Kaarin Knudson:Of course, compact development is an element of urban design that has just extraordinary opportunities to set up future good decisions, retrofit a very diffuse and disconnected built environment because the density isn't there to support the services or the infrastructure Financially. It's upside down In terms of sociable relationships. There's oftentimes not a lot of connectedness between people and the public realm. It's difficult to serve with infrastructure and that is more of an amenity, like park space right, because park space needs to be close to people and so all of those aspects that are challenged by a more sprawl-oriented environment. It means that the work to retrofit is just more challenging. It's still very possible. I think that's an enormous opportunity for cities across the United States, for this country, for other countries around the world who have also replicated a more sprawl-like development pattern.

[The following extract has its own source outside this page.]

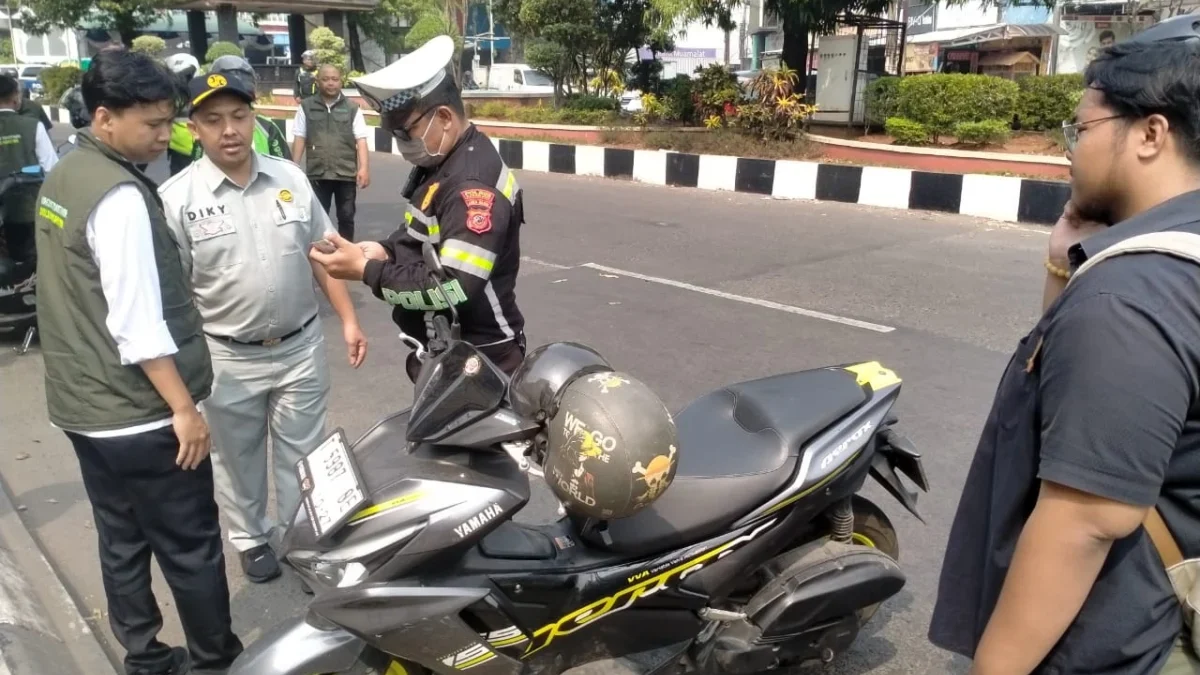 Samsat dan Bapenda Karawang Turun ke Jalan Cek Pajak Kendaraan Bermotor Para Pengendara di Karawang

Kaarin Knudson:That we really need in the 21st century for all of our city areas to be higher performing and not just in terms of economic performance but environmental performance and their performance socially, like really thinking about performance profiles as they relate to the triple bottom line. So compact development is hugely important but I would say overall that any city working from any development pattern or from a different scale, that thinking about some of the principles of compact development and for a lot of our emissions you know, and wanting to reduce those and give people a higher quality of life, that sort of neighborhood center retrofitting there's a lot of opportunity there for people to be able to walk to the store or safely walk and bike to a local park or safely, you know, have kids walk and bike to school.
Kaarin Knudson:That's a lot of life right there. And that's a lot of emissions that right now are otherwise sent out into the environment and turning into pollution in cities because people don't have those opportunities and there's a lot of reliance on people getting in their cars to drive everywhere when things are very far away.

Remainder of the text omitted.